Konsep sosio-ekologis masyarakat etnik Muna bisa saja terekam dalam naskah-naskah kuno yang dimiliki masyarakat ini dengan berbagai bentuk, isi, dan fungsinya terhadap pemeliharaan, dan kelangsungan lingkungan. Biasanya pencitraan (gambaran) tersebut tergambar dengan jelas dalam perbendaharaan kosa kata yang ada dalam teks naskah kuno tersebut. Kosa kata tersebut mengandung berbagai berbagai konsep, muatan, dan fungsi terkait dengan pemeliharaan dan penyelamatan ekosistem.    

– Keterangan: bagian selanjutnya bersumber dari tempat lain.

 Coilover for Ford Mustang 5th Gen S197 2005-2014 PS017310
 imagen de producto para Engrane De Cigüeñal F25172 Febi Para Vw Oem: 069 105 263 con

Botani adalah sebagai ilmu biologi yang mempelajari seluk neluk tumbuhan dan kehidupannya. Ekologi adalah cabang biologi yang mempelajari seluk-beluk makhluk hidup dengan lingkungan tempat tinggalnya (habitatnya). Terkait dengan kajian eko-botani, Lombard (1981:263), meskipun jenis-jenis pohon telah didaftarkan oleh para ahli tumbuhan dan penggunaannya oleh para eko-botanis, masih sedikit yang kita ketahui tentang sejarah hutan sendiri, dan terutama tentang tahap-tahap kemerosotannya.  Naskah kuno adalah dokumen dari berbagai macam jenis yang ditulis dengan tangan, tetapi lebih mengkhususkan kepada bentuk yang asli sebelum dicetak. 
Naskah kuno (manuskrip) adalah dokumen dari berbagai macam jenis yang ditulis dengan tangan, tetapi lebih mengkhususkan kepada bentuk yang asli sebelum dicetak. Kata tersebut juga bisa berarti karangan,surat, dan yang masih ditulis dengan tangan Berbicara tentang naskah kuno berati berbicara mengenai informasi, karena naskah kuno memiliki nilai informasi yang tentu sangat berharga baik ditinjau dari sejarah naskah itu sendiri maupun informasi yang tertulis di naskah tersebut.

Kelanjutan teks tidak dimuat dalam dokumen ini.